- _Problem details_
Beginning at the line containing "UN MURAL A ADRALL", repeat each line below exactly up to and including the line containing "LV Wallets 4286G-0126". Do not repeat the pictures.

- _Extracted material_
————
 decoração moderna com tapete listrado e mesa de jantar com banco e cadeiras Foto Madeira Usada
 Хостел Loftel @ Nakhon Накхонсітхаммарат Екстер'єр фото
————
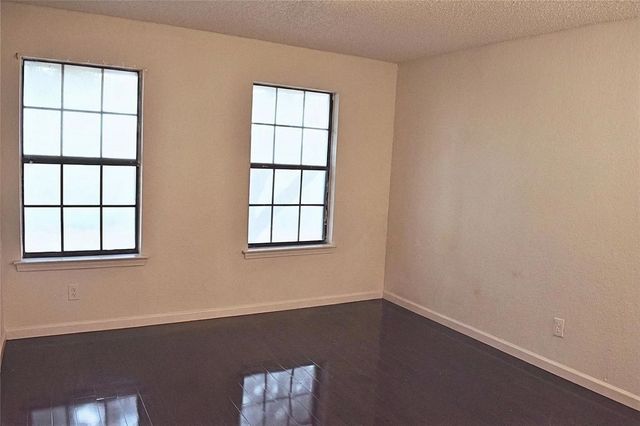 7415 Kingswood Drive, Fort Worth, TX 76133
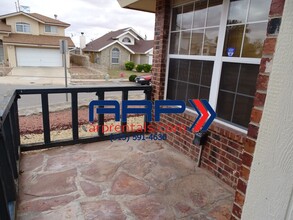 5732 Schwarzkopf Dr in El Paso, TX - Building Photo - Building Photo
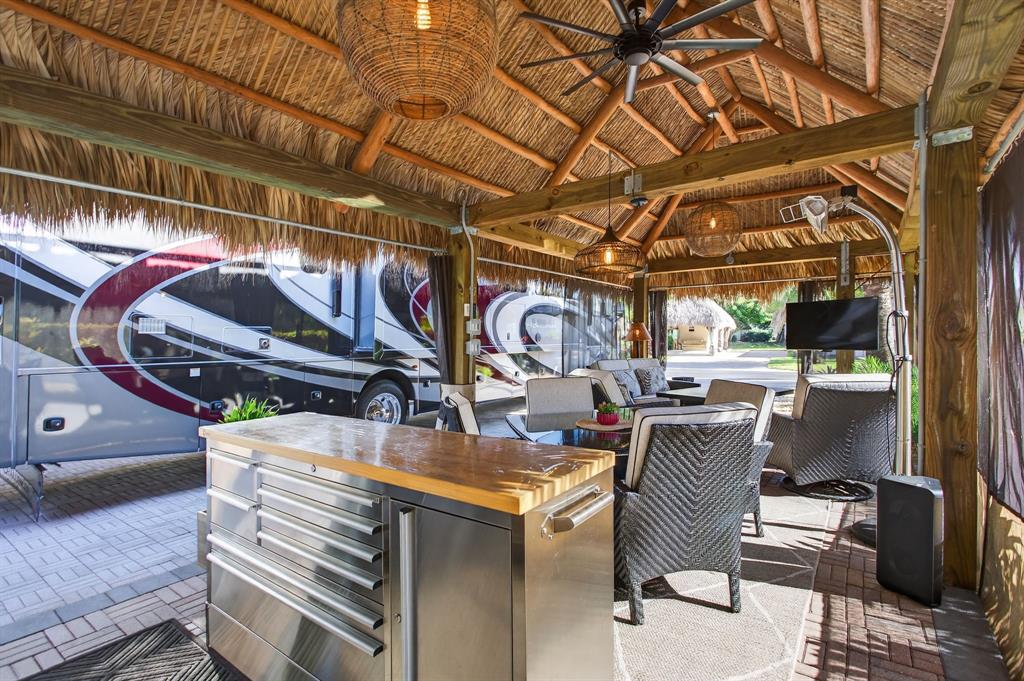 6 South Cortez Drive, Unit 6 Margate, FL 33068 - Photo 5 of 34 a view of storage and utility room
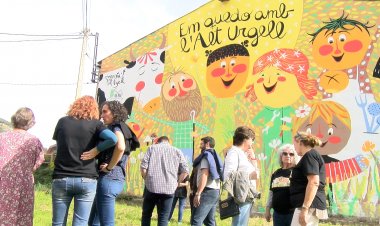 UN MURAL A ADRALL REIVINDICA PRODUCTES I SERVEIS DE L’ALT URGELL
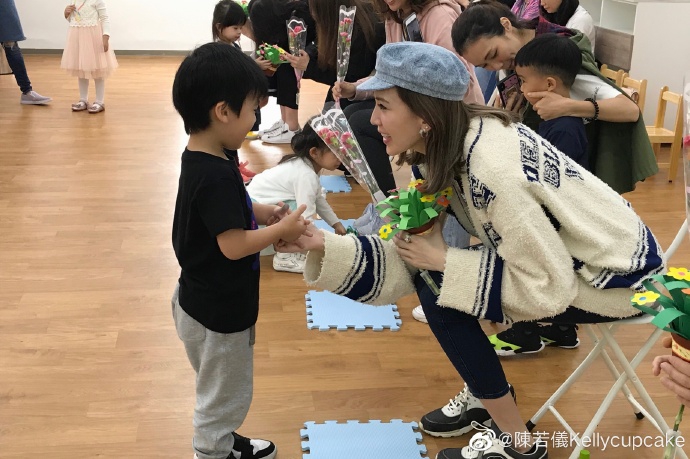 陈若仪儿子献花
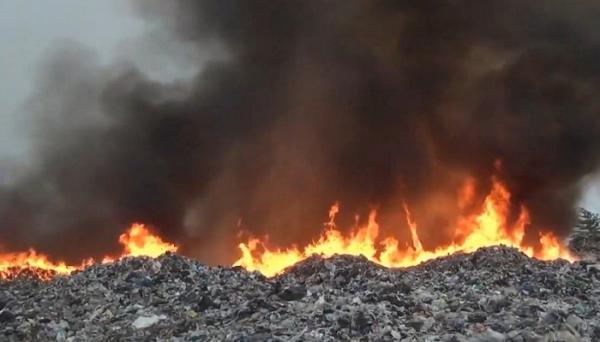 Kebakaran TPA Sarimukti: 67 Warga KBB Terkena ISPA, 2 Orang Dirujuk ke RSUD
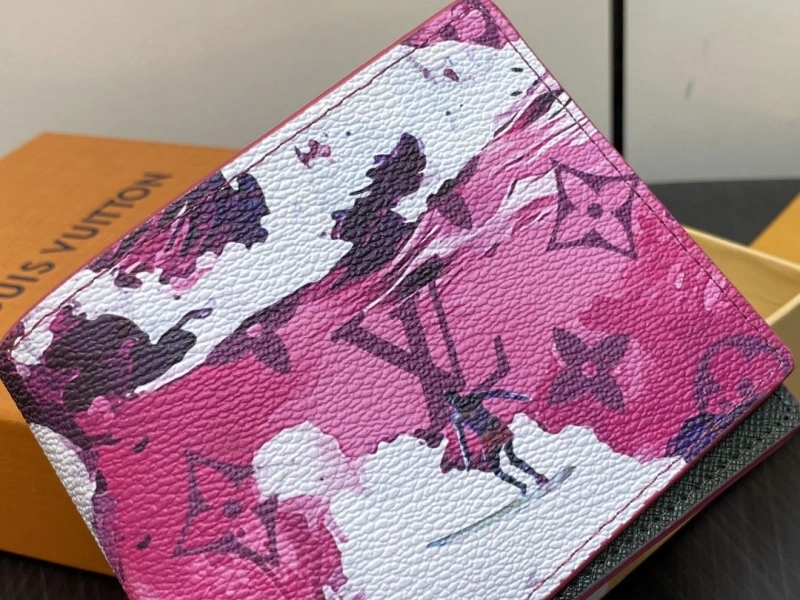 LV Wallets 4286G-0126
————
- _Exercise output_
 UN MURAL A ADRALL REIVINDICA PRODUCTES I SERVEIS DE L’ALT URGELL
 陈若仪儿子献花
 Kebakaran TPA Sarimukti: 67 Warga KBB Terkena ISPA, 2 Orang Dirujuk ke RSUD
 LV Wallets 4286G-0126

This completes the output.